SOURCE INFORMATION:
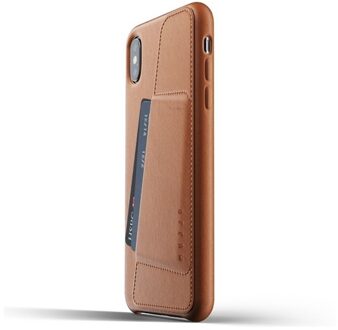 Mujjo iPhone XS Max Leren Telefoonhoesje - Bruin - Premium leer - Pasjeshouder voor 3 pasjes - Wallet case - Telefoon cover - Portemonnee hoesje - Slimfit - 1.8mm dun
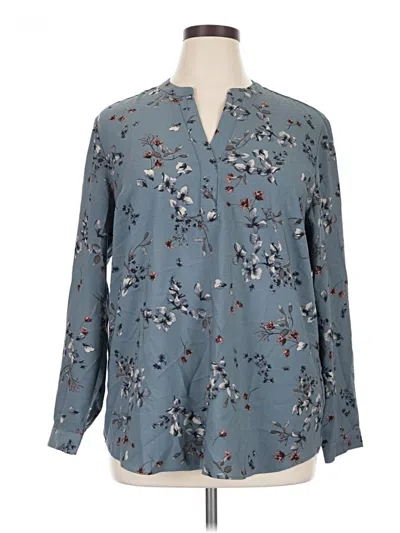 Pre-owned Hilary Radley Long Sleeve Blouse In Blue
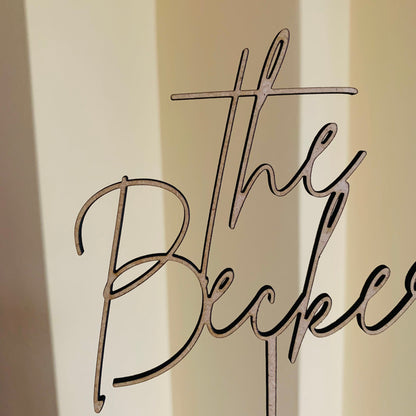 Custom Wedding Cake Topper – Script Font in Wood, Acrylic, or Glitter Finish
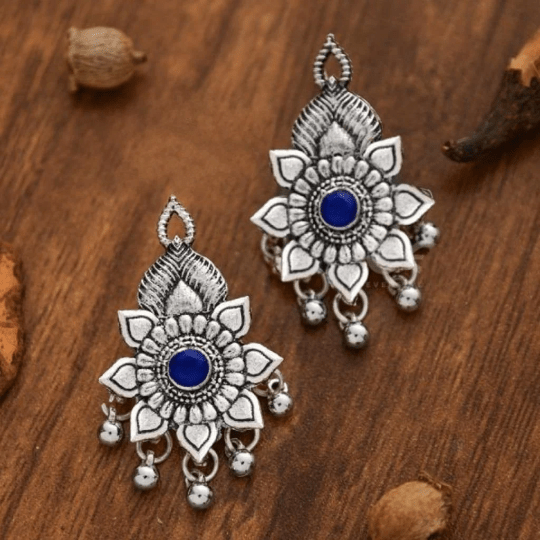 Intricate Floral Enamel Indian Oxidised Boho Drop Bridal Ethnic Stud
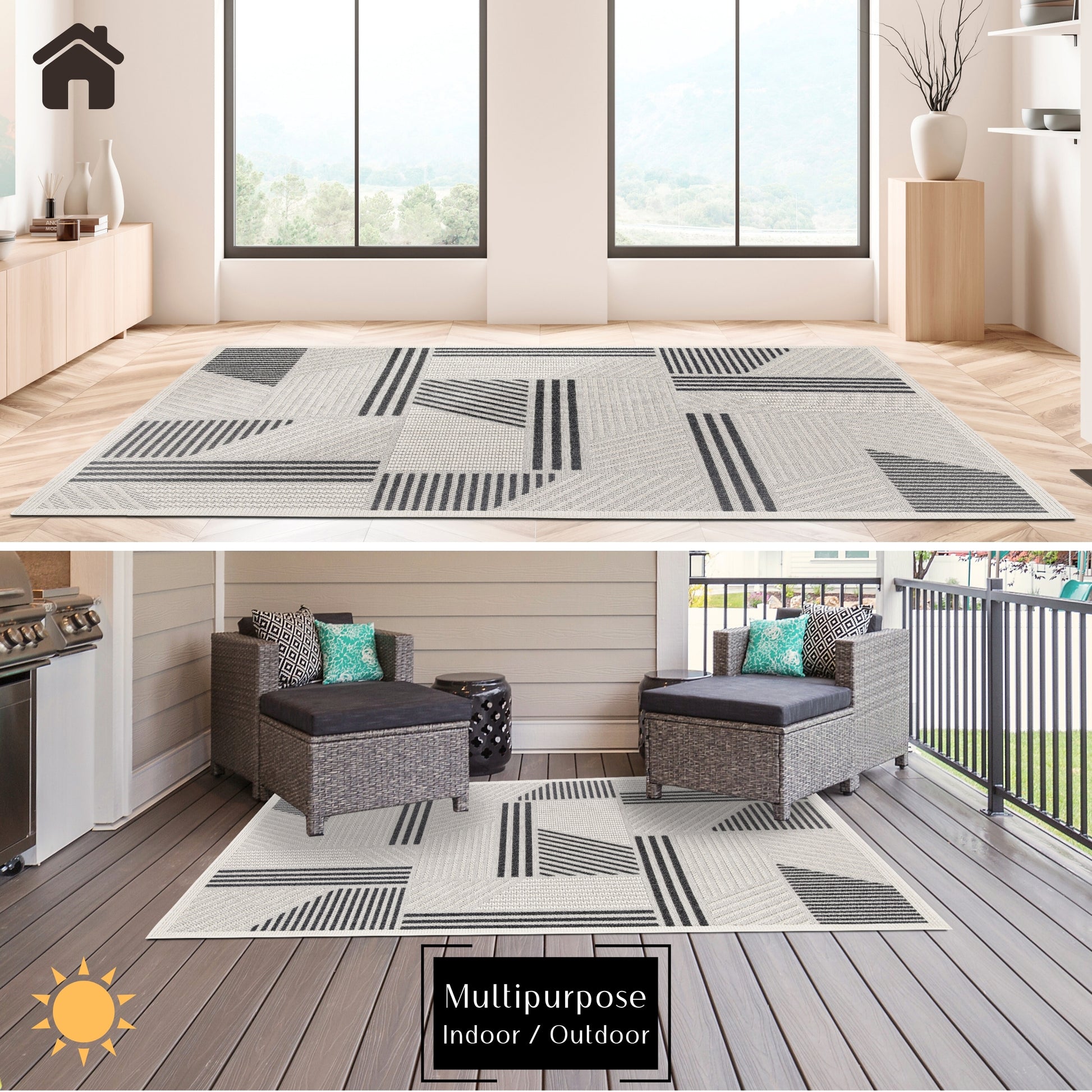 Quick Dry Indoor Outdoor Rug for Patio Backyard Deck Balcony Terrace Garden Pool Side Summer Extra Durable UV Protected Easy to Clean - Erbanica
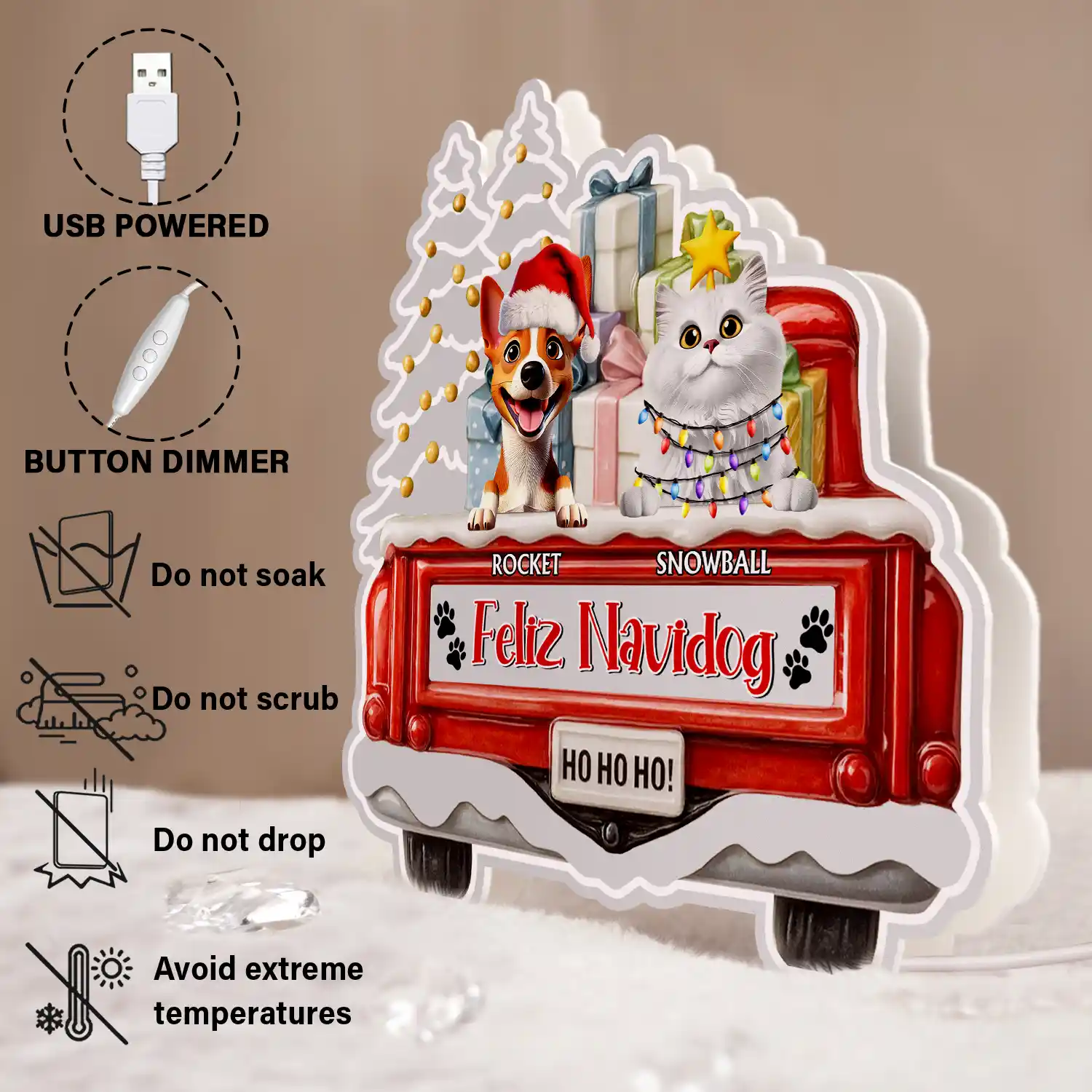 Have Yourself A Furry Little Christmas - Personalized Custom Shaped Light Box - Image 6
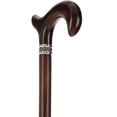 thumbnail image 2 of Luxury Walking Cane – Genuine Cocobolo Wood Walking Stick with Rich Brick Red and Dark Grain – Elegant Derby Handle – Pewter Collar – 37" Long – 18mm Tip – Stylish Cane for Men and Women, 2 of 6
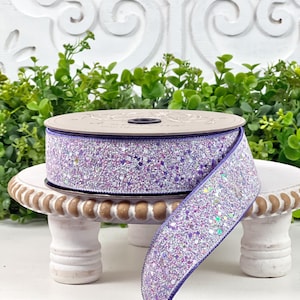 D. Stevens Lavender Sugar Plum Glitter Ribbon, Purple Glitter Ribbon, Lavender Glitter Ribbon, Spring Ribbon, 1.5&quot; Wired Ribbon,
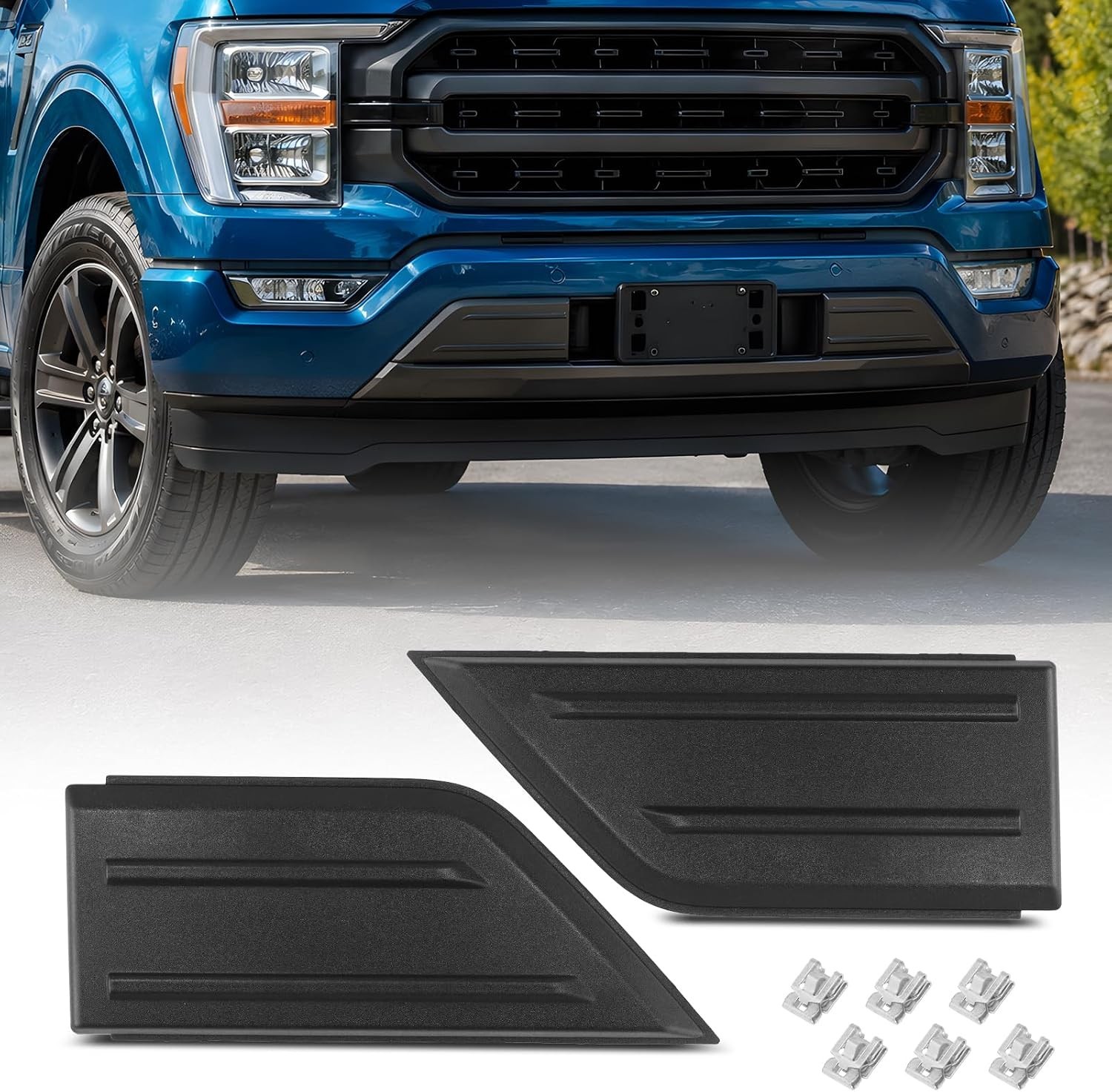 Replacement Front Bumper End Caps Compatible with 2021 2022 2023 Ford F-150 | Bu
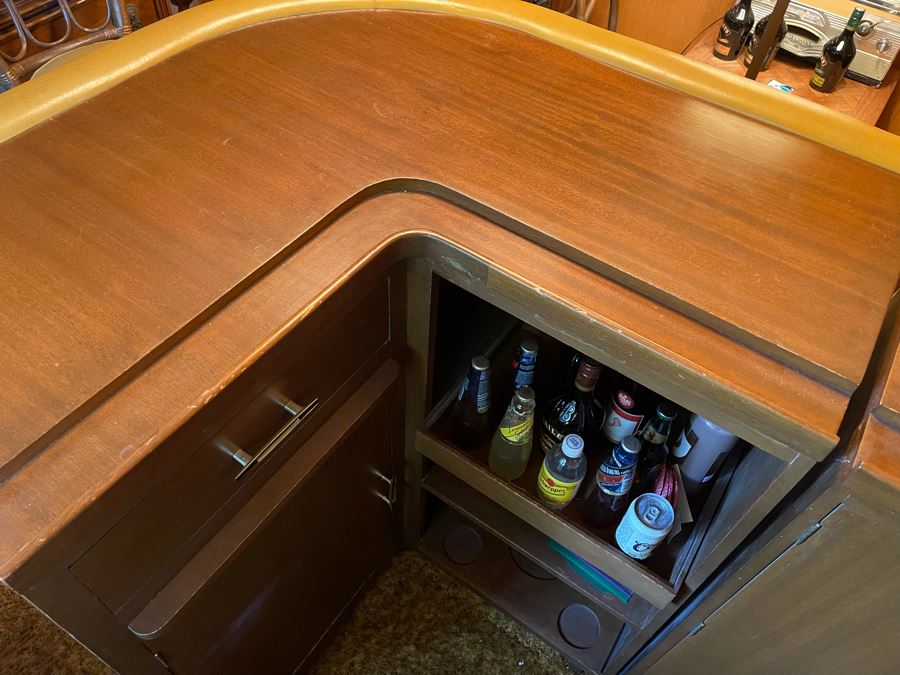 Mid-Century Modern Solid Wood And Bamboo 2 Piece L-Shape TIKI Bar With Padded Edge And Brass Rail Plus Six Bamboo Bar Stools Plus Drawer Of Vintage Bar Supplies 71W X 44D X 42H [Photo 20]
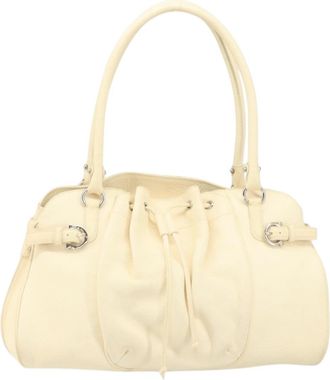 Ferragamo Vintage Handbag Leather Beige Leather Handbag (Pre-Owned)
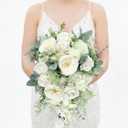 Rinlong 10.6 Inch Dusty Green White Artificial Cascading Wedding Bouquets for Bride Cascade Bridal Bouquet for Wedding Silk Flowers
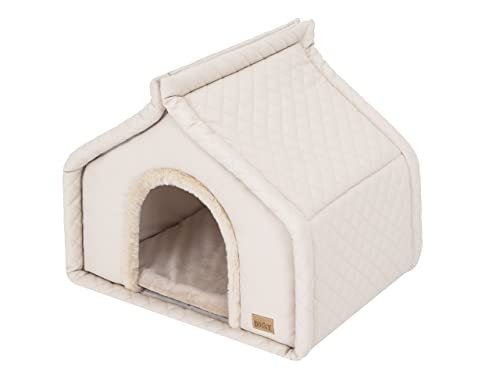 Caseta para perros, gatos, cueva para perros, gatos, caseta para perros, caseta para gatos, cueva, cojín para perros, cojín para gatos, tamaño R1, 42 x 32 cm, color beige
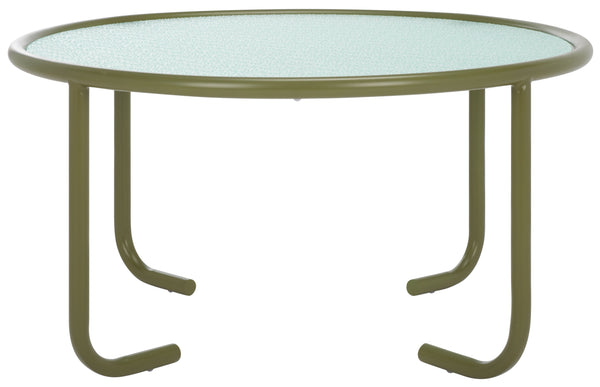 Safavieh Zuzana Glass Top Coffee Table - Stylish Modern Design With Durable Wood And Iron Base For Living Rooms Olive Green ,Clear 60% Metal,40% Tempered Glass Sfv6806b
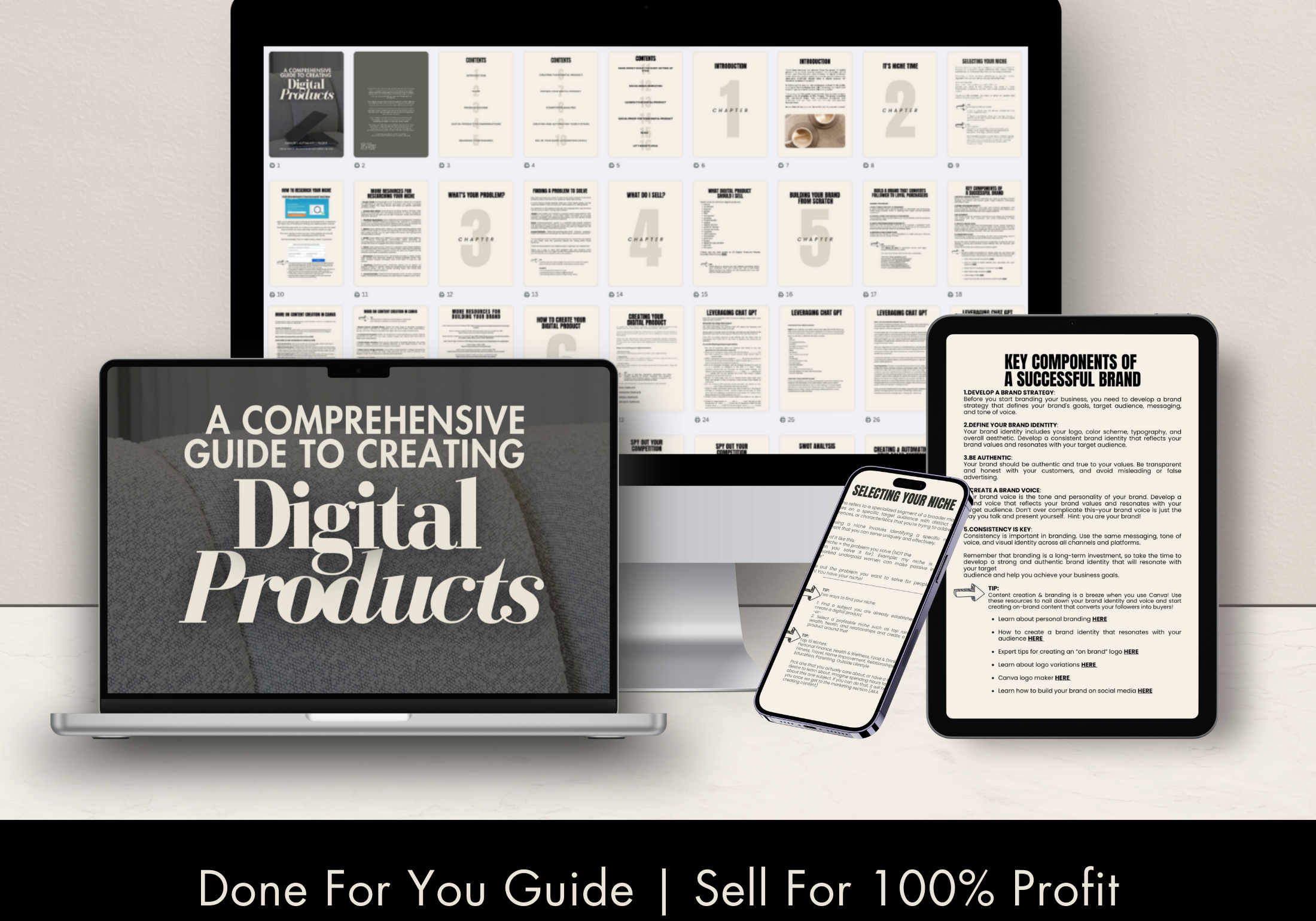 A multi-device mockup showing the guide displayed on a laptop, tablet, and phone. The tablet showcases detailed content with the title "A Comprehensive Guide to Creating Digital Products," emphasizing its PLR & MRR inclusion.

HOW TO COMPLETE THIS TASK:
Copy the listing exactly but drop its images.

TASK RESPONSE:
 Mujjo iPhone XS Max Leren Telefoonhoesje - Bruin - Premium leer - Pasjeshouder voor 3 pasjes - Wallet case - Telefoon cover - Portemonnee hoesje - Slimfit - 1.8mm dun
 Pre-owned Hilary Radley Long Sleeve Blouse In Blue
 Custom Wedding Cake Topper – Script Font in Wood, Acrylic, or Glitter Finish
 Intricate Floral Enamel Indian Oxidised Boho Drop Bridal Ethnic Stud
 Quick Dry Indoor Outdoor Rug for Patio Backyard Deck Balcony Terrace Garden Pool Side Summer Extra Durable UV Protected Easy to Clean - Erbanica
 Have Yourself A Furry Little Christmas - Personalized Custom Shaped Light Box - Image 6
 thumbnail image 2 of Luxury Walking Cane – Genuine Cocobolo Wood Walking Stick with Rich Brick Red and Dark Grain – Elegant Derby Handle – Pewter Collar – 37" Long – 18mm Tip – Stylish Cane for Men and Women, 2 of 6
 D. Stevens Lavender Sugar Plum Glitter Ribbon, Purple Glitter Ribbon, Lavender Glitter Ribbon, Spring Ribbon, 1.5&quot; Wired Ribbon,
 Replacement Front Bumper End Caps Compatible with 2021 2022 2023 Ford F-150 | Bu
 Mid-Century Modern Solid Wood And Bamboo 2 Piece L-Shape TIKI Bar With Padded Edge And Brass Rail Plus Six Bamboo Bar Stools Plus Drawer Of Vintage Bar Supplies 71W X 44D X 42H [Photo 20]
 Ferragamo Vintage Handbag Leather Beige Leather Handbag (Pre-Owned)
 Rinlong 10.6 Inch Dusty Green White Artificial Cascading Wedding Bouquets for Bride Cascade Bridal Bouquet for Wedding Silk Flowers
 Caseta para perros, gatos, cueva para perros, gatos, caseta para perros, caseta para gatos, cueva, cojín para perros, cojín para gatos, tamaño R1, 42 x 32 cm, color beige
 Safavieh Zuzana Glass Top Coffee Table - Stylish Modern Design With Durable Wood And Iron Base For Living Rooms Olive Green ,Clear 60% Metal,40% Tempered Glass Sfv6806b
 A multi-device mockup showing the guide displayed on a laptop, tablet, and phone. The tablet showcases detailed content with the title "A Comprehensive Guide to Creating Digital Products," emphasizing its PLR & MRR inclusion.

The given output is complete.